Construction engineer working on desktop computer using CAD soft
Knowledge Base

Repairs to Fixed Assets Ratio – Short Guide

There is great value to be realized from an organisation successfully maintaining and managing its fixed assets. Significant financial outlay is required to purchase new equipment and, all too often, businesses are forced to buy new equipment because there has been inadequate commitment to, and investment in, maintaining existing assets to an optimised standard of operation.

In light of this, the Repairs to Fixed Assets Ratio can provide useful information about the extent of costs associated with total operational assets.

Calculation of the Repairs to Fixed Assets Ratio

It is not uncommon for repairs to be recorded in financial reports and analysis of organisational expenditure. However, it is important that records are kept and repairs expenses are viewed in light of total asset value. When calculating the Repairs to Fixed Assets Ratio, the formula that is required is:

Total repairs and maintenance expenses / Total fixed assets before depreciation expenses are deducted.

Interpreting results from the Repairs to Fixed Assets Ratio:

In the event that a significantly high percentage of the original value of the asset is being spent on repairs, this may be all the evidence required to prove that the asset needs to be replaced or upgraded. However, a more complete analysis of the situation and application of business intelligence tools may reveal other pertinent information, such as the high cost of maintaining a piece of equipment in difficult or harsh conditions. If equipment is repeatedly operated in a harsh environment, more frequent and potentially expensive repairs are likely.

For other businesses, failure to repair, upgrade or replace equipment that demands high levels of maintenance may indicate that a business is experiencing difficulty in generating the finances necessary to buy new equipment. Of course, a range of factors could cause this situation, but one possible cause is entrenched systematic problems that negatively affect the company.

If application of this ratio shows that a business experiences high repair costs, the conclusion can generally be made that it is operating inefficiently and would potentially benefit from investing in newer, more efficient and perhaps higher quality equipment that can be run more cost effectively.
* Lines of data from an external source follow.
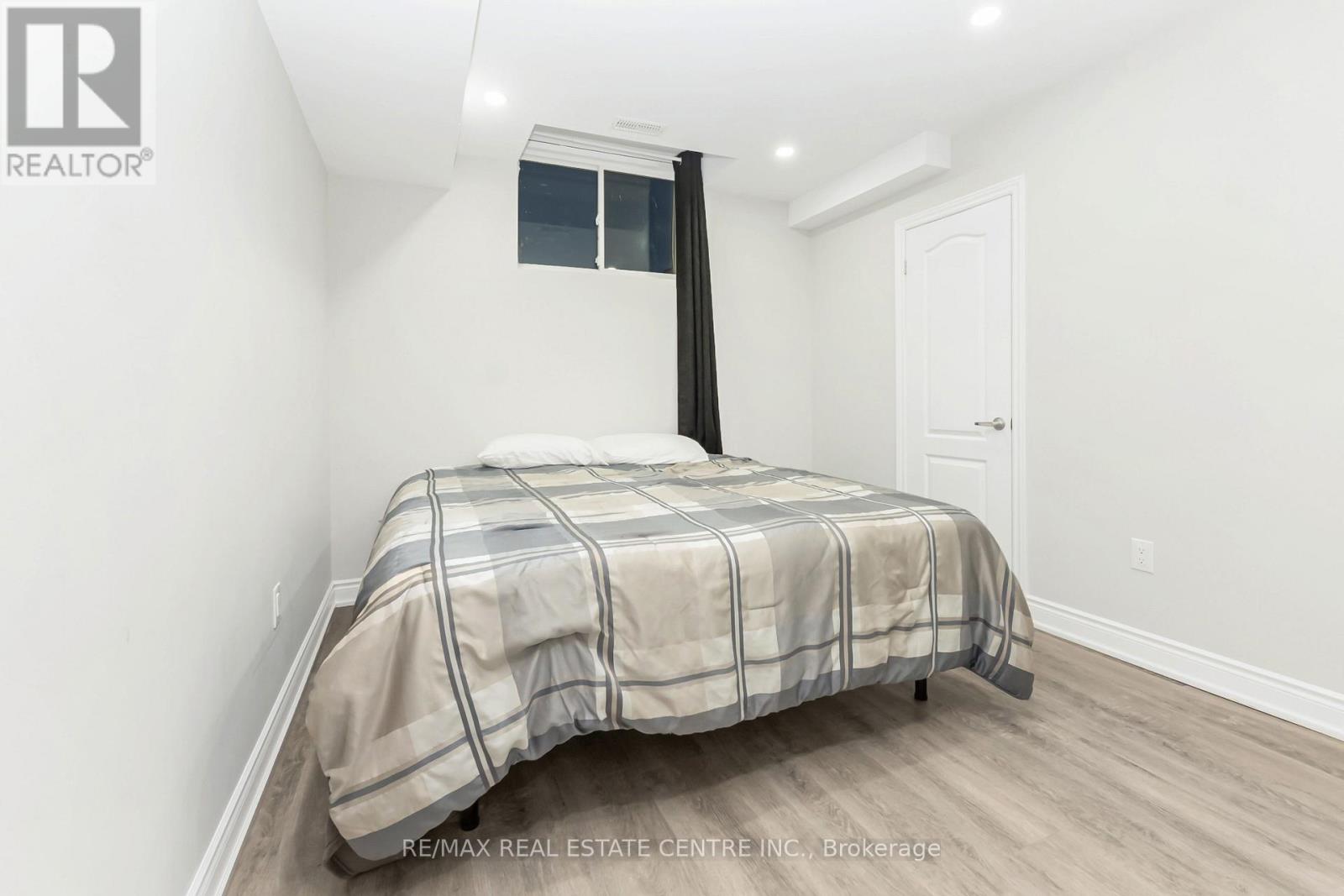 127 LAMETTI DRIVE - 42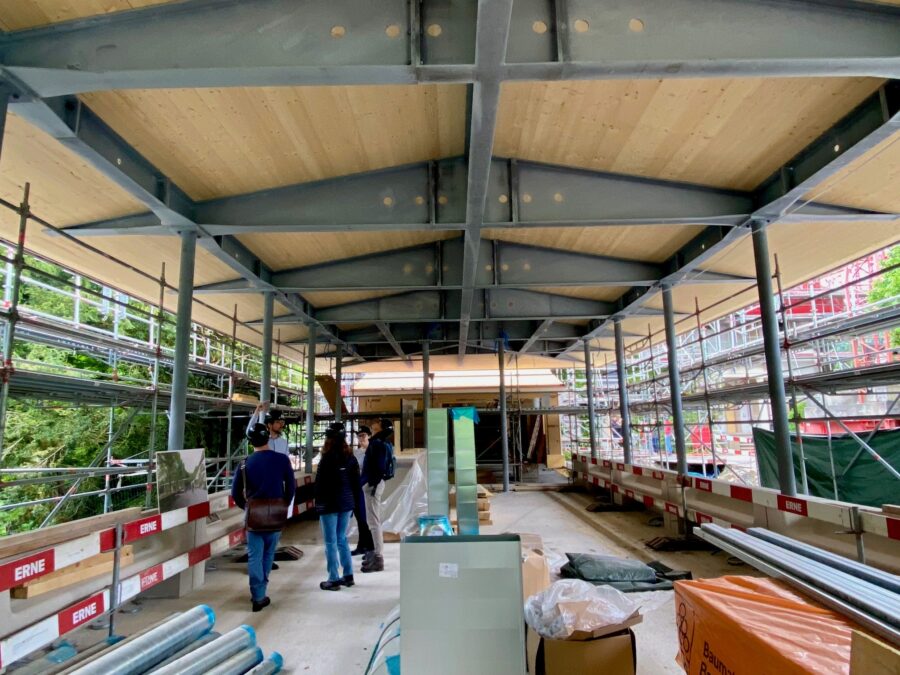 Das innere des neuen Pavillons (Quelle: Sabine Kleppek)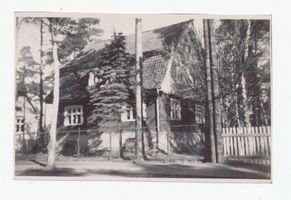 Metgethen, Ort und Bahnstation, Stadtkreis Königsberg Birkenweg 20 Metgethen, Birkenweg 20, Haus Glaß Metgethen, Häuser früher und heute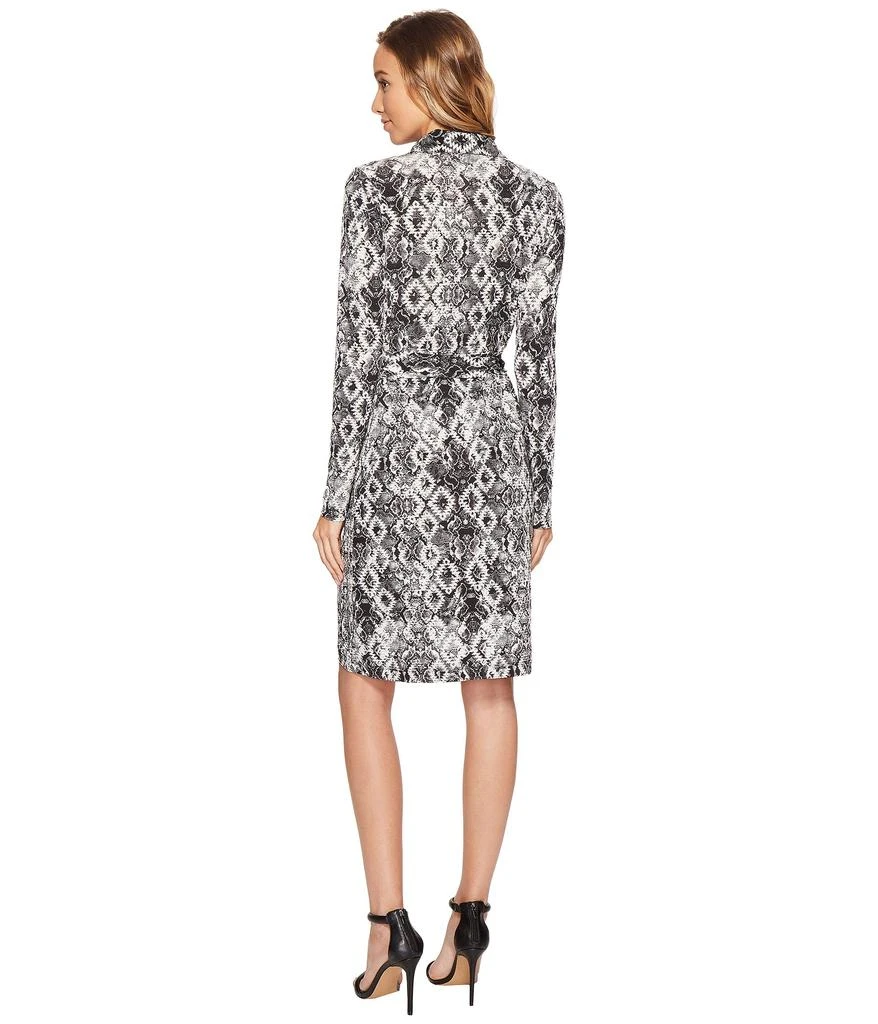商品ROMEO & JULIET COUTURE|Pattern Wrap Dress,价格¥292,第3张图片详细描述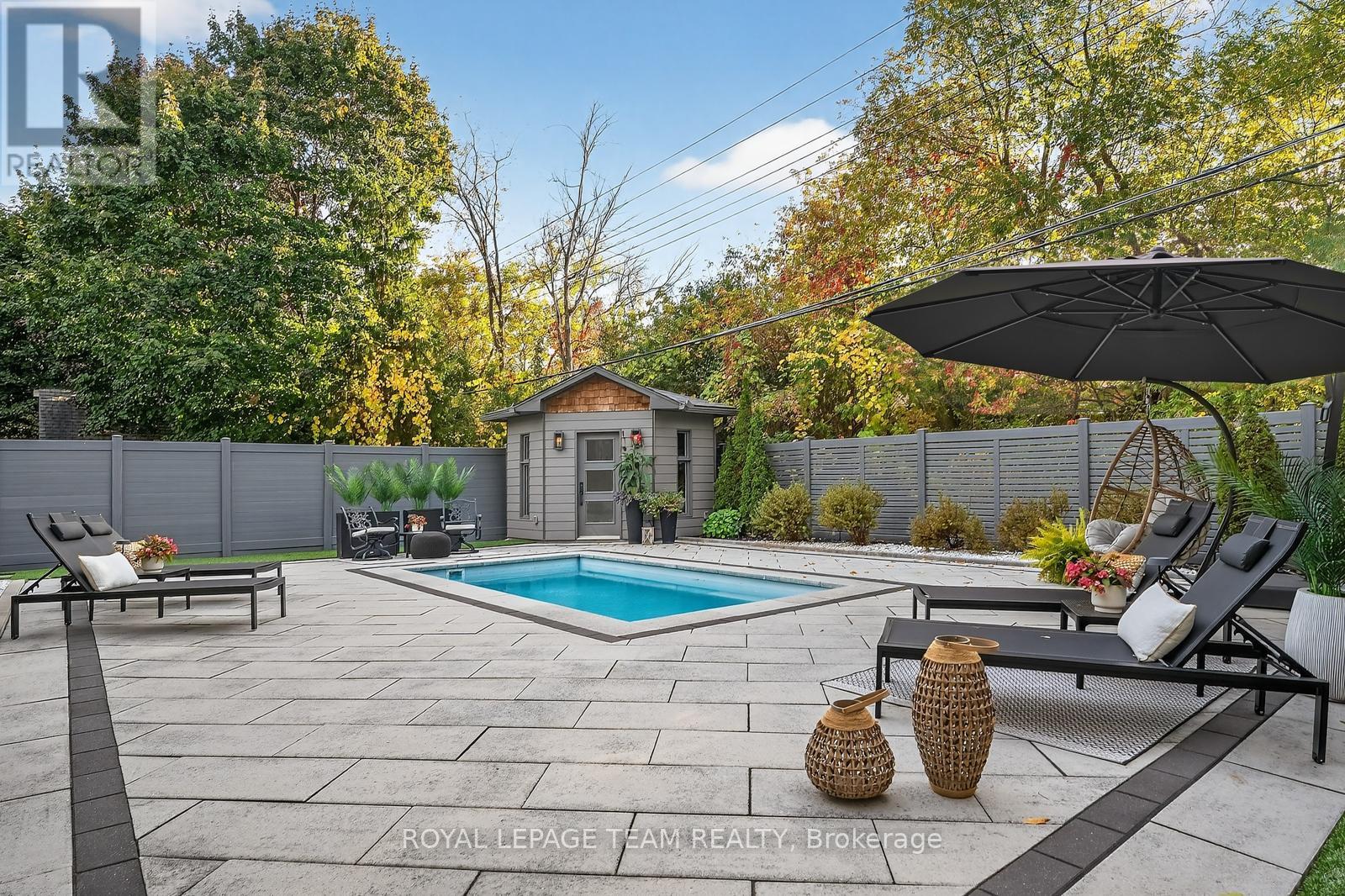 10 Leaver Avenue, Ottawa, Ontario  K2E 5P6 - Photo 36 - X12468814
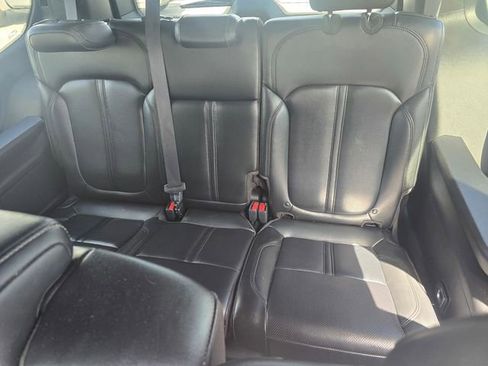 Used 2022 Jeep Wagoneer Series I RWD image 11
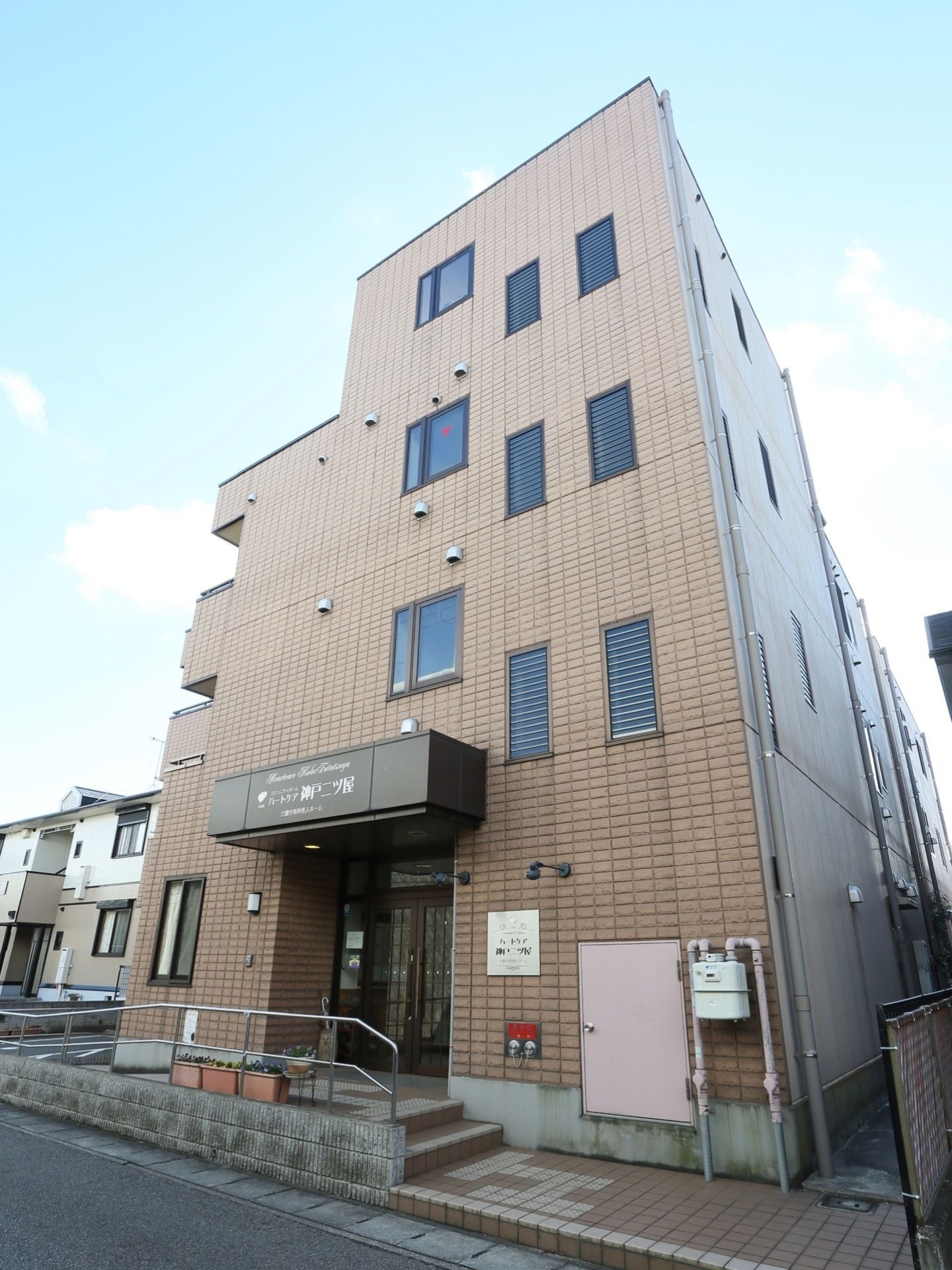 クリスマスイベントの様子を撮影した写真を画用紙にコメントと一緒にまとめた掲示物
Purchasing such equipment often represents a good way to redress the cost disadvantage experienced by a business.

A word of caution about use of the ratio:

While the Repairs to Fixed Assets Ratio can provide relevant and useful information, interpretation must be carefully made. Some confusion can arise when the same ratio suggests both positive and negative activity. To explain this further, a low-repair ratio may well suggest that a business is committed to the reliable and regular maintenance of its assets and invests in high-quality, durable assets. Conversely, it could also have been achieved because management has deliberately delayed repairs until after the reporting period or because it is anticipating the complete replacement of old for new assets.

A high Repair to Fixed Assets Ratio may show that management is dedicated to the provision of high quality assets and/or is effectively maintaining assets. As has been previously mentioned, it may also indicate that the rapid deterioration of assets is due to difficult and harsh operating conditions.

Information about the success or otherwise of a company’s asset maintenance approach can come from a variety of sources and the ratio outlined can produce some useful data. However, in order to completely and meaningfully analyse, interpret and account for repair expenses and the cost effectiveness of keeping and maintaining the fixed assets owned by the organisation, it is appropriate to factor in the way that repairs personnel are contracted and refer to the repairs schedule of the company.